RandomWriter(随机写)例子利用 Map/Reduce把 数据随机的写到dfs中。每个map输入单个文件名,然后随机写BytesWritable的键和值到DFS顺序文件。map没有产生任何输出,所以reduce没有执行。产生的数据是可以配置的。配置变量如下
名字 |
默认值 |
描述 |
test.randomwriter.maps_per_host |
10 |
Number of maps/host |
test.randomwrite.bytes_per_map |
1073741824 |
Number of bytes written/map |
test.randomwrite.min_key |
10 |
minimum size of the key in bytes |
test.randomwrite.max_key |
1000 |
maximum size of the key in bytes |
test.randomwrite.min_value |
0 |
minimum size of the value |
test.randomwrite.max_value |
20000 |
maximum size of the value |
test.randomwriter.maps_per_host表示每个slave节点上运行map的次数。默认情况下,即只有一个数据节点,那么就有10个map,每个map的数据量为1G,因此要将10G数据写入到hdfs中。不过我配置的试验环境中只有2个slave节点,因此有两个map。
test.randomwrite.bytes_per_map我原本以为是随机写输出的测试文件的大小,默认为1G=1*1024*1024*1024,但是我将这个数据改成1*1024*1024以后,输出的测试文件还是1G,这让我很不解。(?)
代码实例
其中test.randomwrite.bytes_per_map=1*1024*1024,test.randomwriter.maps_per_host=1。
- /**
- * Licensed to the Apache Software Foundation (ASF) under one
- * or more contributor license agreements. See the NOTICE file
- * distributed with this work for additional information
- * regarding copyright ownership. The ASF licenses this file
- * to you under the Apache License, Version 2.0 (the
- * "License"); you may not use this file except in compliance
- * with the License.
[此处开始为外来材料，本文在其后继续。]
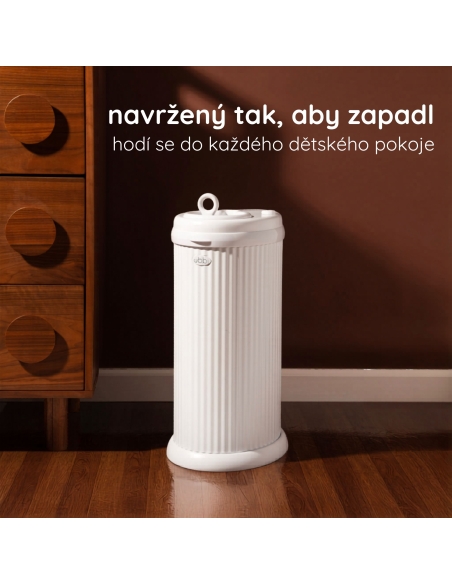 Ubbi Koš na pleny, Matte White (vroubkovaný) - NEW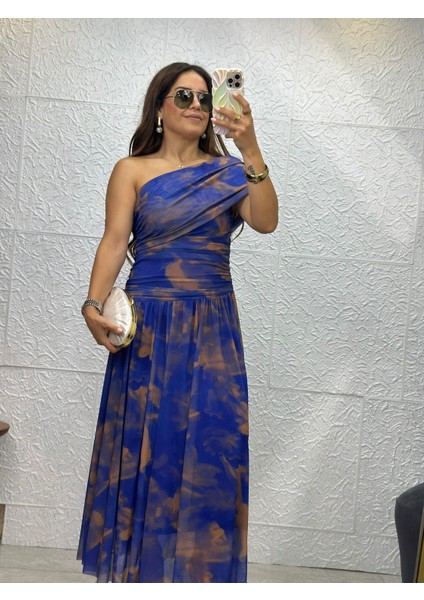 Desenli Tül Elbise Mavi Kahve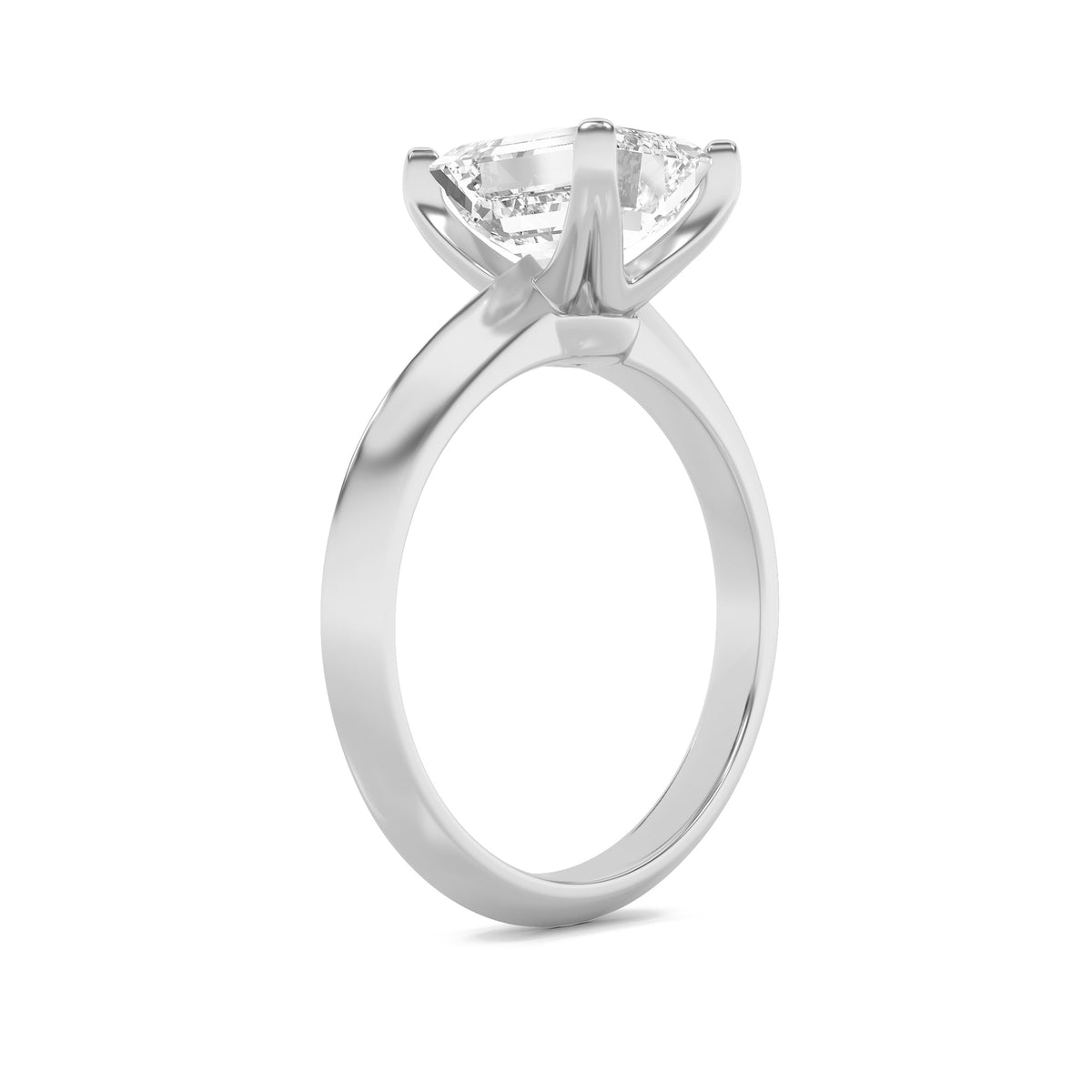 1.5Cttw Emerald Shaped Lab Grown Diamond (F/VS) Knife Edge Shank Solitaire Engagement Ring in 14K Gold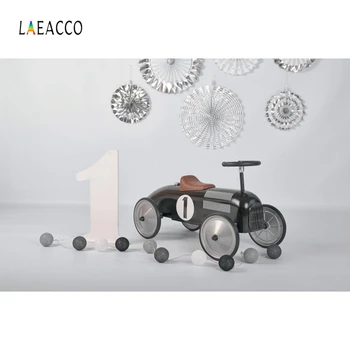 

Laeacco Gray Wall Paper Flowers Toy Car Balls Photography Backdrops Photo Birthday Scene Backgrounds Baby Newborn Photophone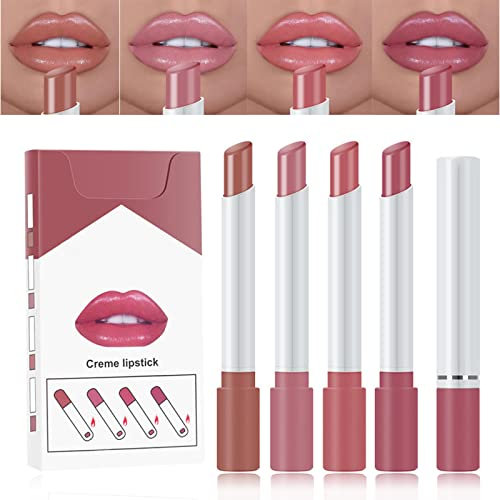 MEITREND Plumping Lip Gloss Set,Lipstick Sets 4 Pcs High Pigmented Velvety Nude Cigarette Lipgloss, Long Lasting Non-Fading Waterproof Shimmer Liquid Lipsticks,Makeup Sets For Women Gifts Surprise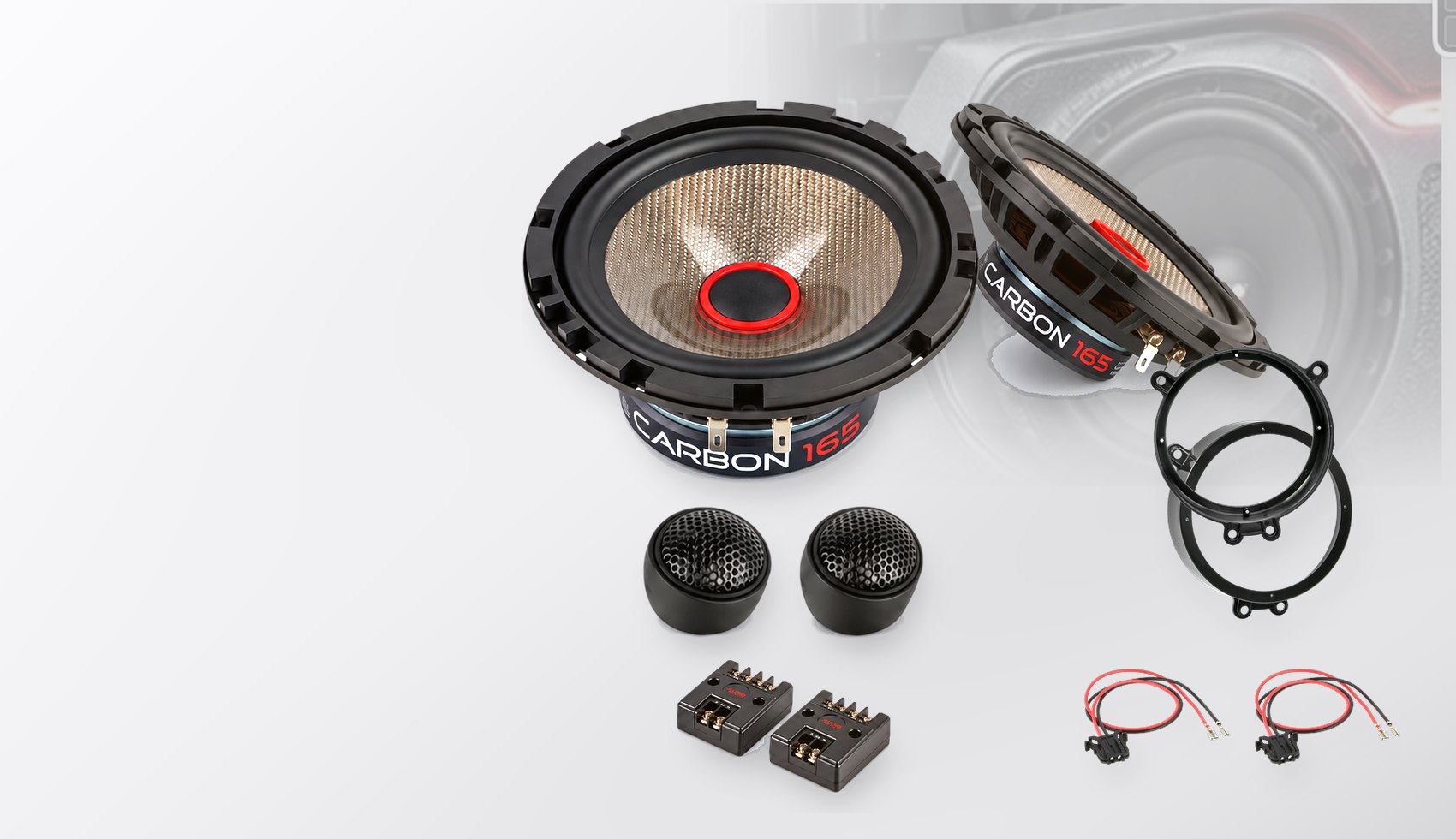 Pachet difuzoare dedicate Mercedes CLK (A209) Cabrio 2003-2010 - Audio System CARBON 165 mm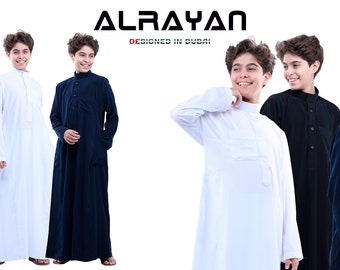 Boys Plain  Abaya Kaftan Islamic Prayer Clothing Dubai Long Sleeve Thobe Dishdasha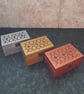 Handmade wooden jewelry box: Painted keepsake box with golden clasp.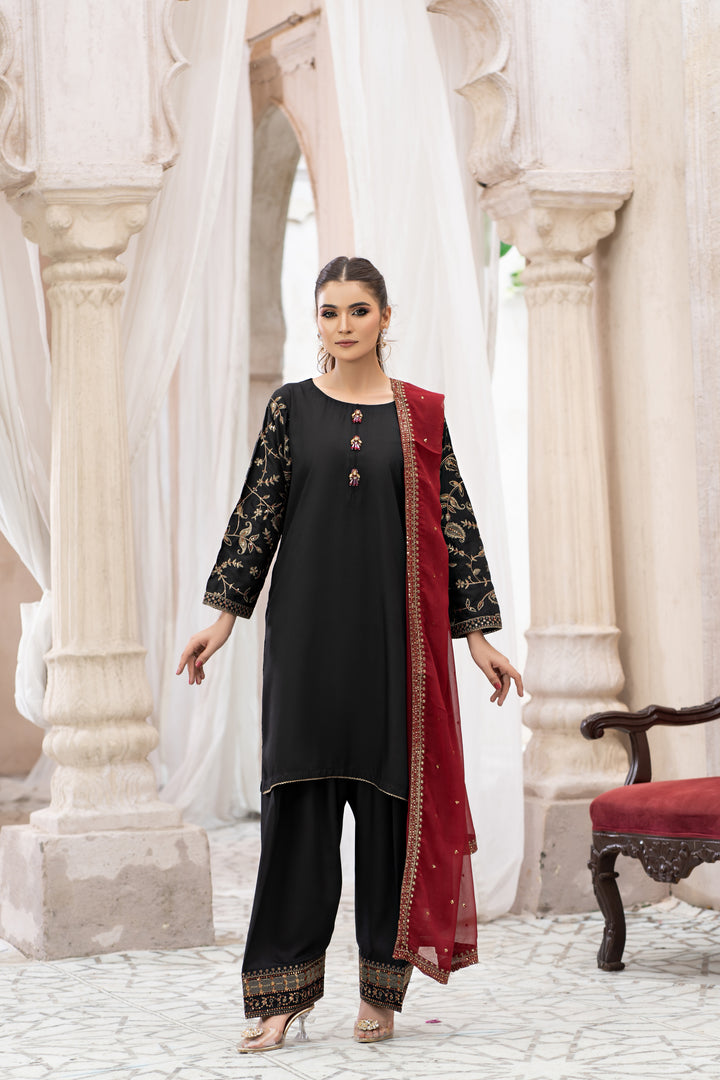 3 Piece Ready To Wear - Embroidered Viscose Suit-- MA122-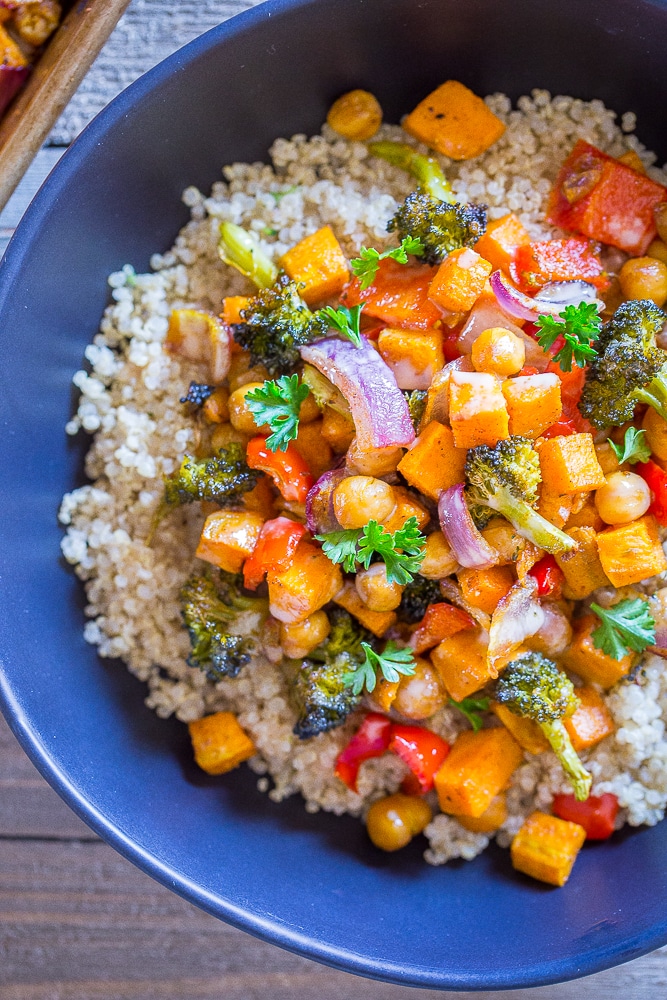 Oven-Roasted Vegetable and Chickpea Sheet Pan Dinner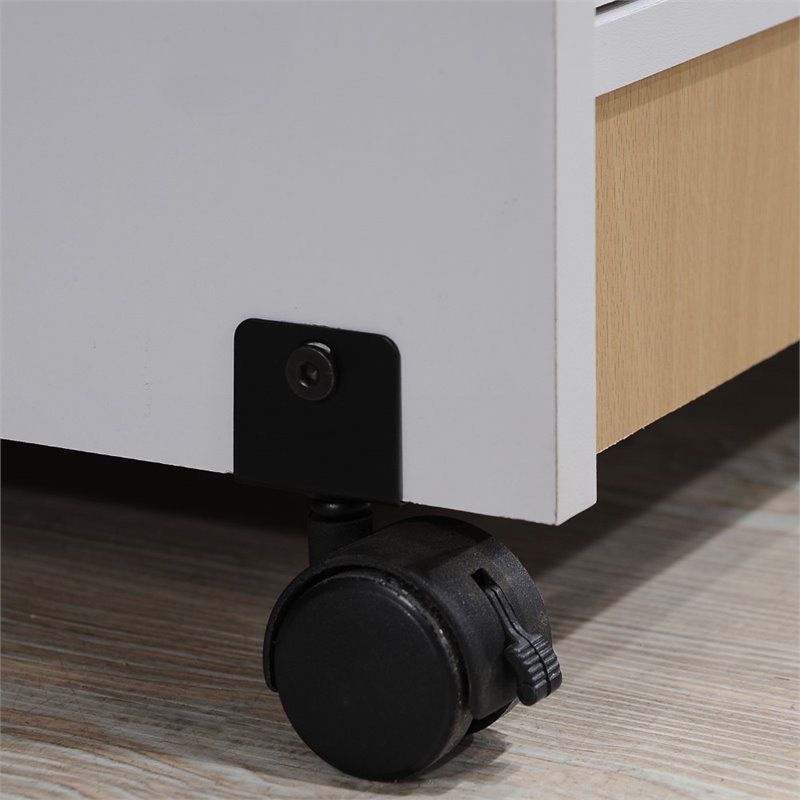 Microwave Kitchen Cart in White - Hodedah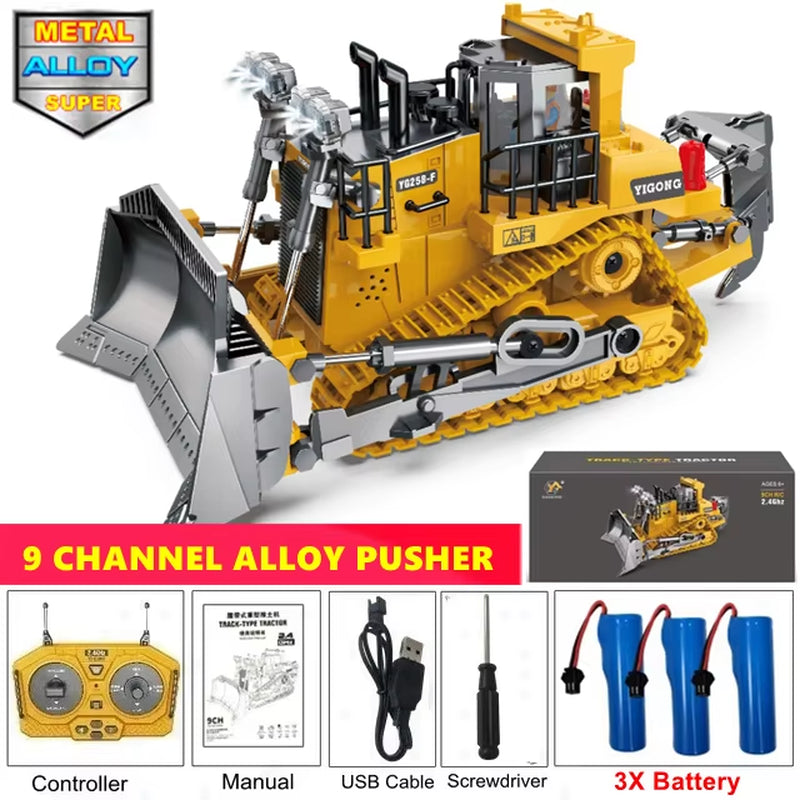 Remote Control Excavator Dump Truck Crawler Bulldozer RC Model Car Toy Alloy Simulation Construction Vehicle Gifts for Kids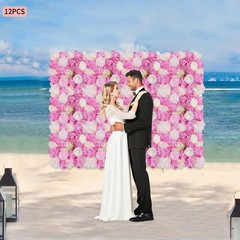 12PCS 15*15in Artificial 3D Flower Wall Panel Wedding Backdrop Wall Decor Pink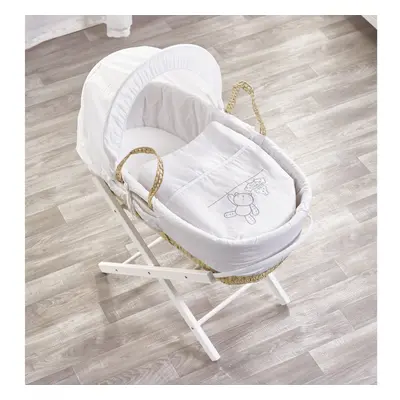 White Teddy Wash Day Palm Moses Basket with Folding Stand - Opal White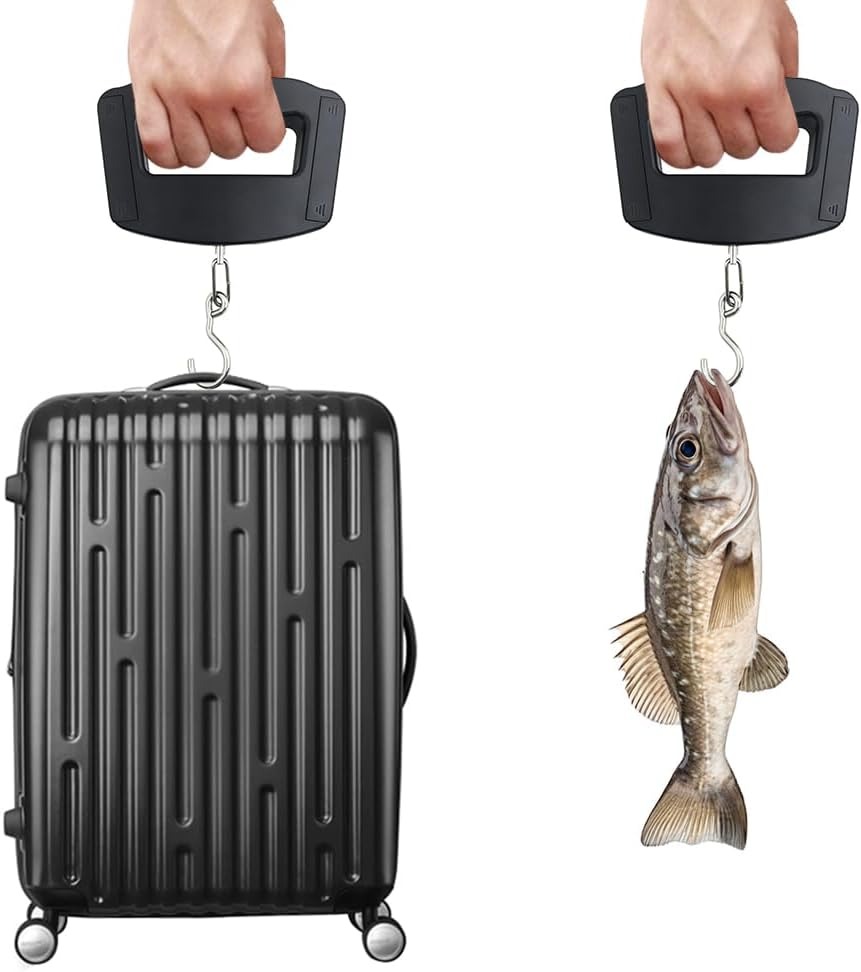 Fishing Hook Stainless Steel - 50kg Portable Handheld Digital Luggage Scale,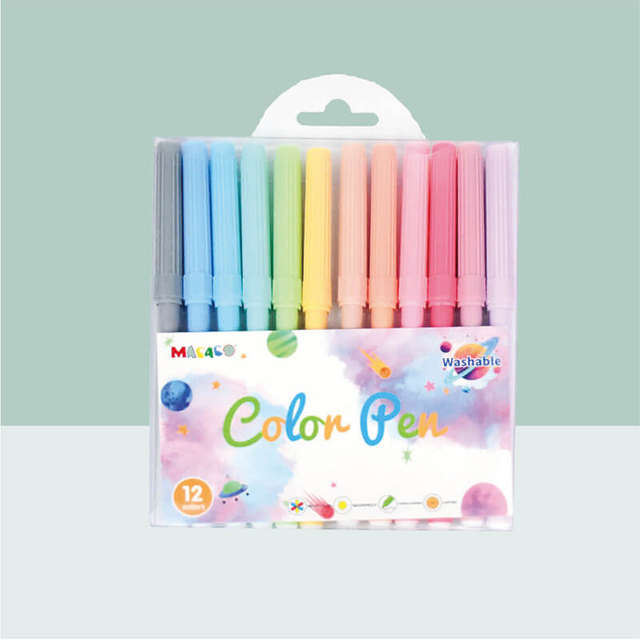 MACACO 888-12 water color pen 12 colors washable markers in clear crystal PET box with hanging tab for painting drawing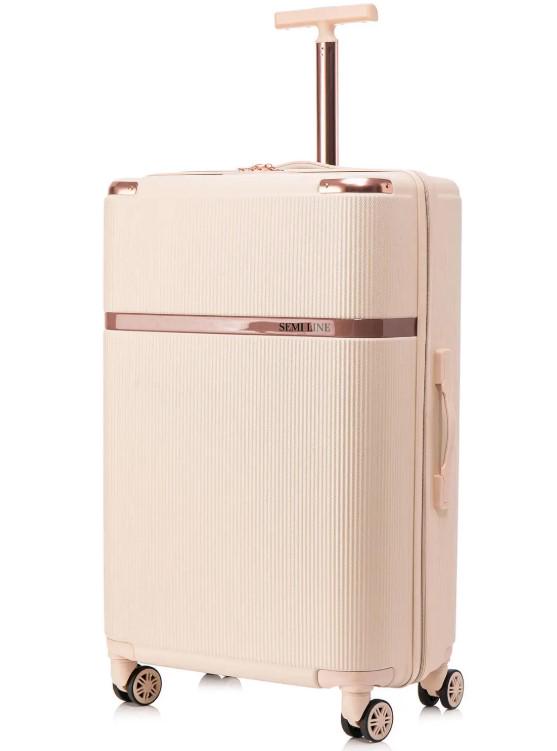 Валіза SEMI LINE T5669-4 28" L Ecru (60349) Валіза SEMI LINE T5669-4 28" L Ecru (60349)
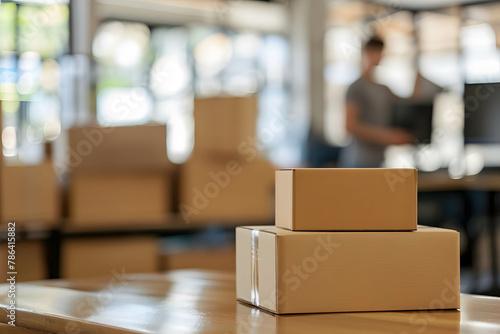 Professional online seller, presenting products in an interesting way, cardboard boxes on table and online seller presenting behind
You may obtain a copy of the License at
- *
- * http://www.apache.org/licenses/LICENSE-2.0
- *
- * Unless required by applicable law or agreed to in writing, software
- * distributed under the License is distributed on an "AS IS" BASIS,
- * WITHOUT WARRANTIES OR CONDITIONS OF ANY KIND, either express or implied.
- * See the License for the specific language governing permissions and
- * limitations under the License.
- */
- package org.apache.hadoop.examples;
- import java.io.IOException;
- import java.util.Date;
- import java.util.Random;
- import org.apache.hadoop.conf.Configuration;
- import org.apache.hadoop.conf.Configured;
- import org.apache.hadoop.fs.Path;
- import org.apache.hadoop.io.BytesWritable;
- import org.apache.hadoop.io.Text;
- import org.apache.hadoop.io.Writable;
- import org.apache.hadoop.io.WritableComparable;
- import org.apache.hadoop.mapred.ClusterStatus;
- import org.apache.hadoop.mapred.FileOutputFormat;
- import org.apache.hadoop.mapred.FileSplit;
- import org.apache.hadoop.mapred.InputFormat;
- import org.apache.hadoop.mapred.InputSplit;
- import org.apache.hadoop.mapred.JobClient;
- import org.apache.hadoop.mapred.JobConf;
- import org.apache.hadoop.mapred.MapReduceBase;
- import org.apache.hadoop.mapred.Mapper;
- import org.apache.hadoop.mapred.OutputCollector;
- import org.apache.hadoop.mapred.RecordReader;
- import org.apache.hadoop.mapred.Reporter;
- import org.apache.hadoop.mapred.SequenceFileOutputFormat;
- import org.apache.hadoop.mapred.lib.IdentityReducer;
- import org.apache.hadoop.util.GenericOptionsParser;
- import org.apache.hadoop.util.Tool;
- import org.apache.hadoop.util.ToolRunner;
- /**
- * This program uses map/reduce to just run a distributed job where there is
- * no interaction between the tasks and each task write a large unsorted
- * random binary sequence file of BytesWritable.